You are not logged in.
Hello guys,
after more then two years a new version of mdadm dropped in and my own alarm scripts has some trouble to deal with it. :-/
Unfortunately it looks like that the new version spins around during the boot phase and devices are tested if they are active or not.
Of course a new assemble and renew the mdadm.conf file was my first step und a mkinitcpio runs after that.
At the moment i include a dirty hack with file in my script which leads to other problems if a "real" error happens.
However, do you have an solution for the new version that it's testing devices on boot ?

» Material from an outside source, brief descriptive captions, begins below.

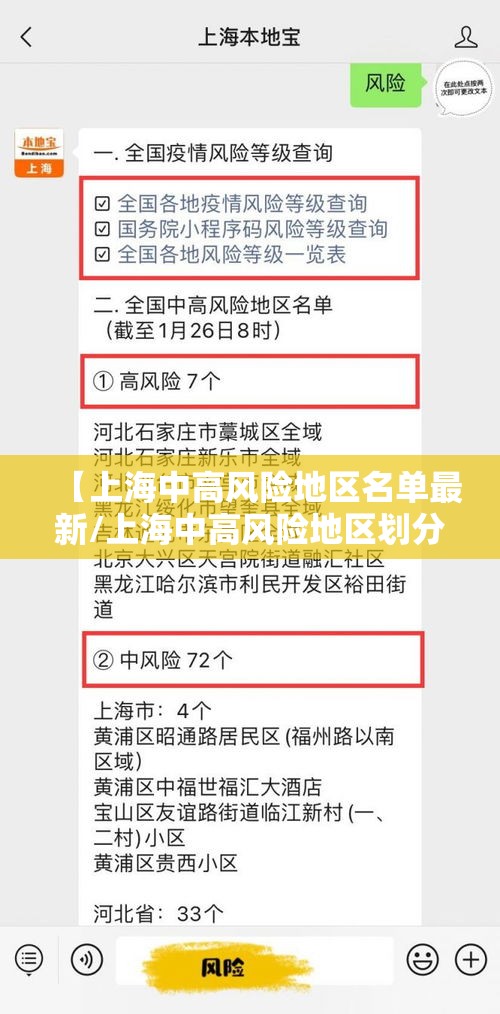 【上海中高风险地区名单最新/上海中高风险地区划分】 【上海中高风险地区名单最新/上海中高风险地区划分】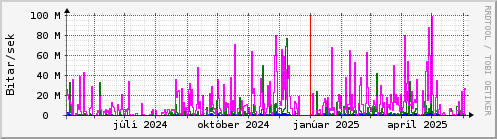 Undanfari r Graph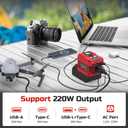 220W Power Inverter Compatible with Milwaukee 18V Battery, DC 18V to AC 110V Battery Inverter, Power Station Generator with 1 AC Outlet, 2 USB Ports & 1 Type-C Fast Charging, 400LM LED Work Light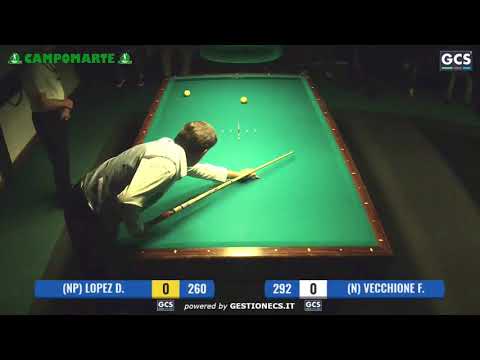 LOPEZ vs VECCHIONE -  5°OPEN BILIARDO CAMPOMARTE 2018 @TREDICALCIO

(I tested a package downgrade of course and everything is fine again)
My script output:
journalctl -b -u mdmonitor.service
Mär 03 09:54:26 daten-box systemd[1]: Started MD array monitor.
Mär 03 09:54:26 daten-box mdadm[719]: mdadm: DeviceDisappeared event detected on md device /dev/md/md127
Mär 03 09:54:26 daten-box mdadm[727]: Assume boot in progress. Waiting...

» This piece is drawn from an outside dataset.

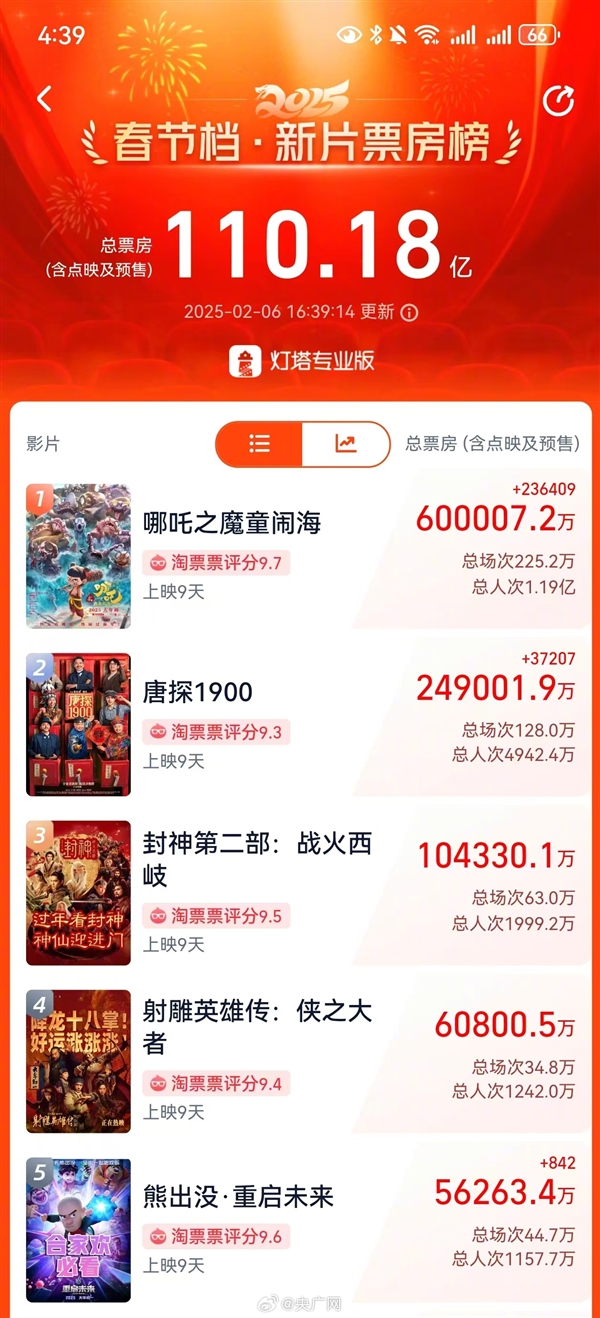 《哪吒2》放映時(shí)間預(yù)計(jì)會(huì)延長(zhǎng)到6個(gè)月：實(shí)在太火爆 票房將沖擊百億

Mär 03 09:54:26 daten-box mdadm[719]: mdadm: DeviceDisappeared event detected on md device /dev/md/md1
Mär 03 09:54:26 daten-box mdadm[746]: Assume boot in progress. Waiting...
Mär 03 09:54:26 daten-box mdadm[719]: mdadm: NewArray event detected on md device /dev/md127
Mär 03 09:54:26 daten-box mdadm[755]: Assume boot in progress. Waiting...
Mär 03 09:54:26 daten-box mdadm[719]: mdadm: NewArray event detected on md device /dev/md1
Mär 03 09:54:26 daten-box md_monitor_alarm.sh[769]: md_monitor_alarm.sh called with NewArray /dev/md1 arguments and no /var fs is present
Mär 03 09:54:26 daten-box mdadm[765]: Assume boot in progress Waiting...
mdadm.conf:
...
MAILADDR <hidden>
PROGRAM /usr/local/bin/md_monitor_alarm.sh
# old arch package 4.2.2 #ARRAY /dev/md/daten-box:127 metadata=1.2 UUID=da1092e8:99e02141:26ae0fc4:e82b972a
# old arch packahe 4.2.2 #ARRAY /dev/md1 metadata=1.2 UUID=b615704c:787643d8:2dcd3a41:52cca4c6
# Reassemble with my rescue system and 'mkinitcpio -P' done
ARRAY /dev/md1 metadata=1.2 name=debian-rescue:pool UUID=b615704c:787643d8:2dcd3a41:52cca4c6
ARRAY /dev/md127 metadata=1.2 name=debian-rescue:ssd UUID=da1092e8:99e02141:26ae0fc4:e82b972a
My script: (I'm a lazy bitch, so no comments about the script style please)
#!/usr/bin/bash
#
# MD raid alarm script
# Copyright Akusari 2023 (<hidden>)
#
# Called by mdadm
# $1 = event
# $2 = device
#
# Start conditions
#
if [ "$1" == "" ]; then
echo "Missing first argument!"
exit 255
fi
if [ "$2" == "" ]; then
echo "Missing second argument!"
exit 255
fi
#
# Logging
#
call_date="$(/usr/bin/date +%Y-%m-%d-%T)"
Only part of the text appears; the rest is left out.